Although we chose the broad project idea for the students, we had the students review the published literature to identify what specific research questions they wanted to explore. As a class, we decided to explore how students’ social identities influenced student perceptions of instructor humor in college science classrooms. Importantly, this decision about the specific research questions was made within the first three weeks of the semester, so the research project was well defined for the majority of the semester. During the course, students also completed the Human Subjects Research course from the Collaborative Institutional Training Initiative (CITI) Program, created a survey, iteratively revised the survey through think-aloud interviews and piloting, and deployed the survey to students in 25 college science courses. Students were trained on how to use open coding methods (18, 19) to code data from open-ended responses: we used large data sets of de-identified student responses that we had collected previously for other projects and re-analyzed them with the students. Students learned how to develop coding rubrics, code responses, and calculate inter-rater reliability. Therefore, once we had data from the humor survey, students were able to analyze open-ended responses from over 1,600 survey participants. We broke students out into different teams of two to four students, and each team analyzed different open-ended questions, working in parallel to develop their own rubrics for their specific questions. By the end of the course, students had analyzed most of the data and had created final tables and figures that they were able to present to the class. By doing the tasks in parallel, we were able to maximize the progress that students could make on a group project. After the course, the instructors drafted the manuscript and gave students the opportunity to edit it; the manuscript is now published, with all 16 students as co-authors (20). We achieved our research goals in this CRE.

Positive features of the CRE:

  • Because we selected an accessible research topic and backward designed the research methods considering student ability, students were able to participate in formulating the research questions, reviewing the current literature, designing a survey, collecting data, and analyzing data.

  • This project would have taken far longer with fewer students, so we maximized the usefulness of having a large research team to code responses from ~1,600 survey participants.

  • We had multiple students code each response, so we had a built-in check for accuracy, which we felt was important given the subjective nature of coding.

Pitfalls of the CRE:

  • Different groups of students were coding different questions at the same time, but we would have benefited from coding them in sequential order because we realized that some questions were less interesting based on the coding of other questions.

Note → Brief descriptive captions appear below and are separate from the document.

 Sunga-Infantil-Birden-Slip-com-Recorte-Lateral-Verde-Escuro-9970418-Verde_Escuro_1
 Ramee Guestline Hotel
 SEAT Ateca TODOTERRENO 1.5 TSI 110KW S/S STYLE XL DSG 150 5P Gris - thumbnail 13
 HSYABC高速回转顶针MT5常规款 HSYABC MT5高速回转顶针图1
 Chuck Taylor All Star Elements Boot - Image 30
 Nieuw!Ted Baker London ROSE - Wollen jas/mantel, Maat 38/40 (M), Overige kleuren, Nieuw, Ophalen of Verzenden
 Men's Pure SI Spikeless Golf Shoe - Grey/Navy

  • It took longer than expected to iteratively develop the survey, making the data analysis at the end of the semester more time intensive than we anticipated, and students complained about the workload during those last few weeks.

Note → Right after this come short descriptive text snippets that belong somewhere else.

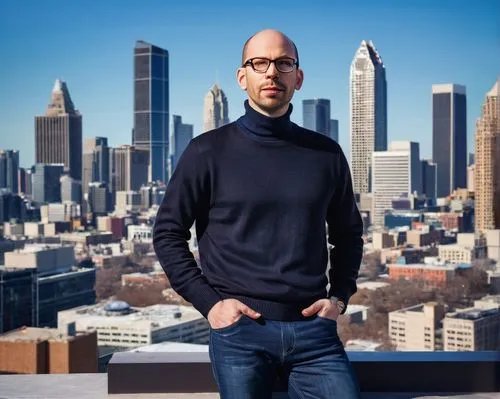 soderbergh,yatsenyuk,moby,bobbito,shuli,tobolowsky,kuchera,semdin,rubenstein,kamerman,vaughters,heilemann,ceo,klauer,bizinsider,costolo,zizou,adamowicz,muasher,elbaradei,Illustration,American Style,American Style 03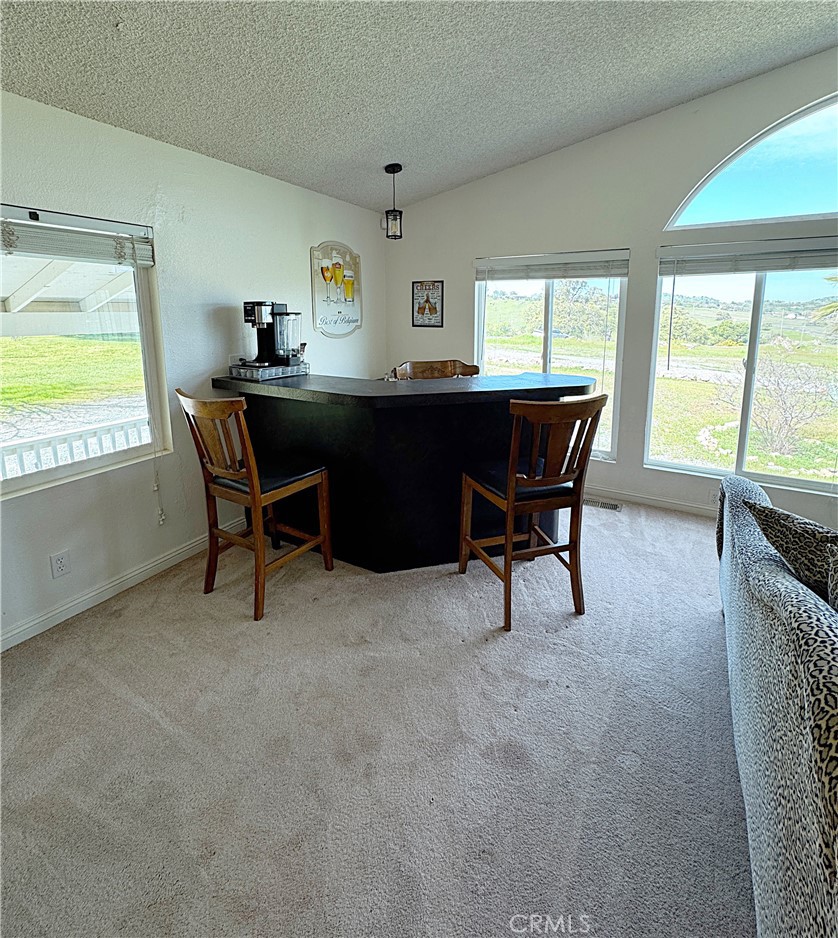 9570 Banderilla, La Grange, CA 95329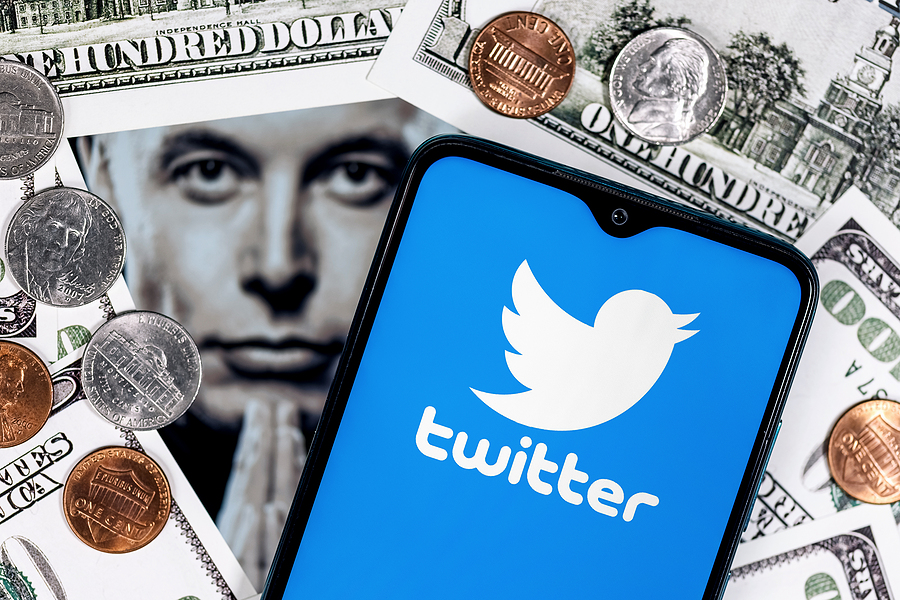 Twitter: Media będą teraz mogły pobierać od użytkowników opłaty za czytanie ich artykułów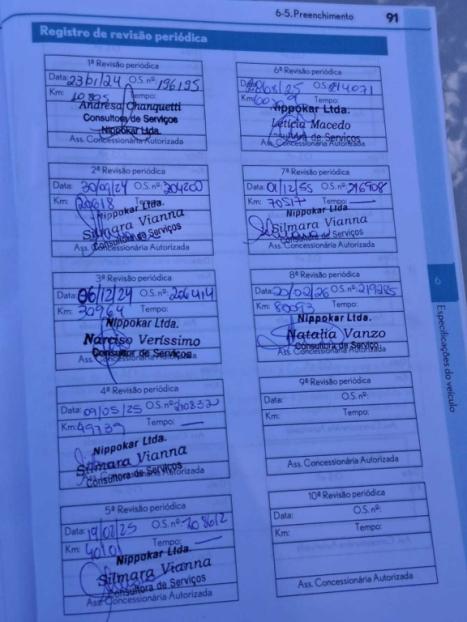 TOYOTA Corolla 1.8 16V 4P FLEX H�BRIDO ALTIS AUTOM�TICO CVT, Foto 11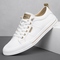 White Brown [Classic Bestseller]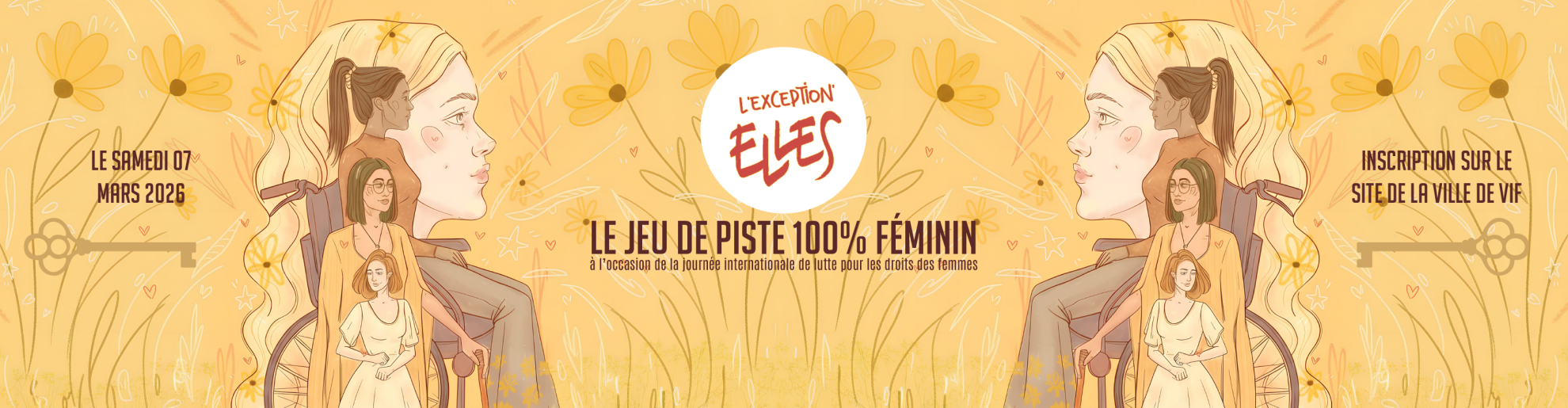 Challenge The Room escape game Grenoble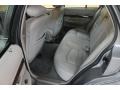 Medium Grey Metallic - Grand Marquis LS Photo No. 11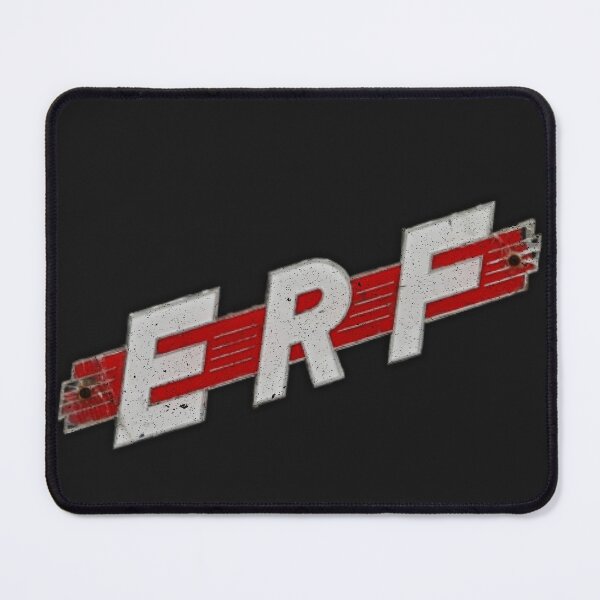Item preview, ERF designed and sold by NorthAngle.
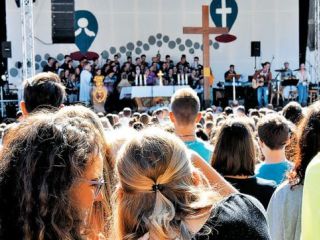 Kako prebuditi spečo Trnuljčico?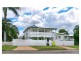 25 Bracher Street, Wandal QLD 4700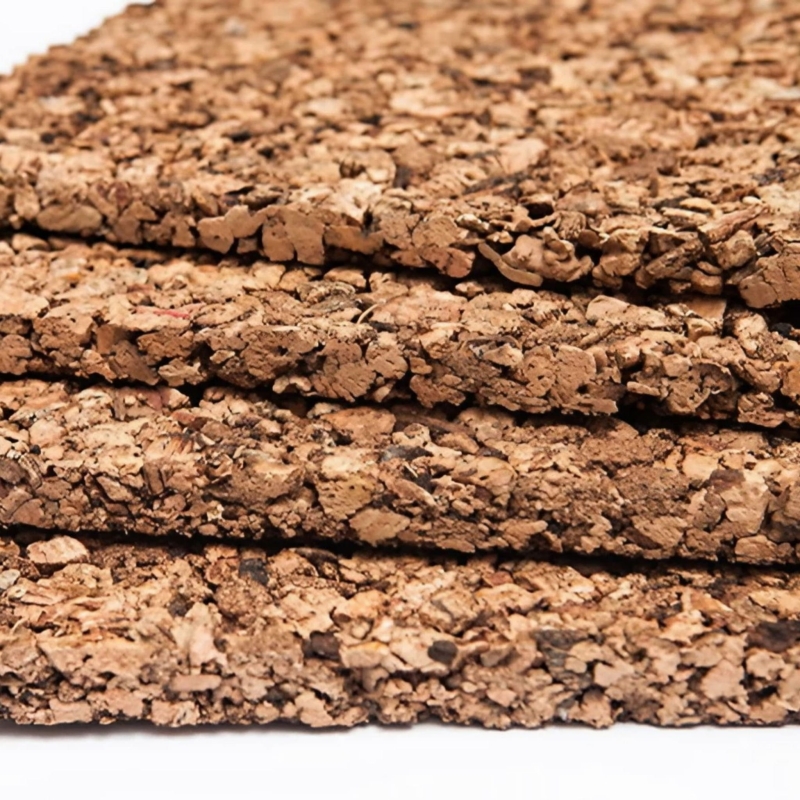 scianka-korkowa-do-terrarium-dla-weza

Bioed CRE #4: why do undergraduates consider leaving undergraduate research

Tasked with teaching a course to prepare ten undergraduate transfer students to be involved in basic science undergraduate research in subsequent semesters, we decided to teach the course as a CRE focused on undergraduate research experiences. Students read the literature on undergraduate research experiences and brainstormed interesting projects. They came up with the idea of exploring factors that influence whether students consider leaving and actually leave undergraduate research experiences.

We mirrored the structure of our previous successful CRE. Students designed a survey, iteratively revised it, and sent it out to ~2,000 students, obtaining ~200 student responses. They began data analysis of the open-ended responses but unfortunately did not finish by the end of the semester due to the extended time taken to decide on a specific research question at the beginning of the semester. We did not meet our research goals within a single semester, but the CRE has potential for success in subsequent semesters. This course is part of a program that will continue for three additional semesters. We anticipate completing the CRE by the end of the program.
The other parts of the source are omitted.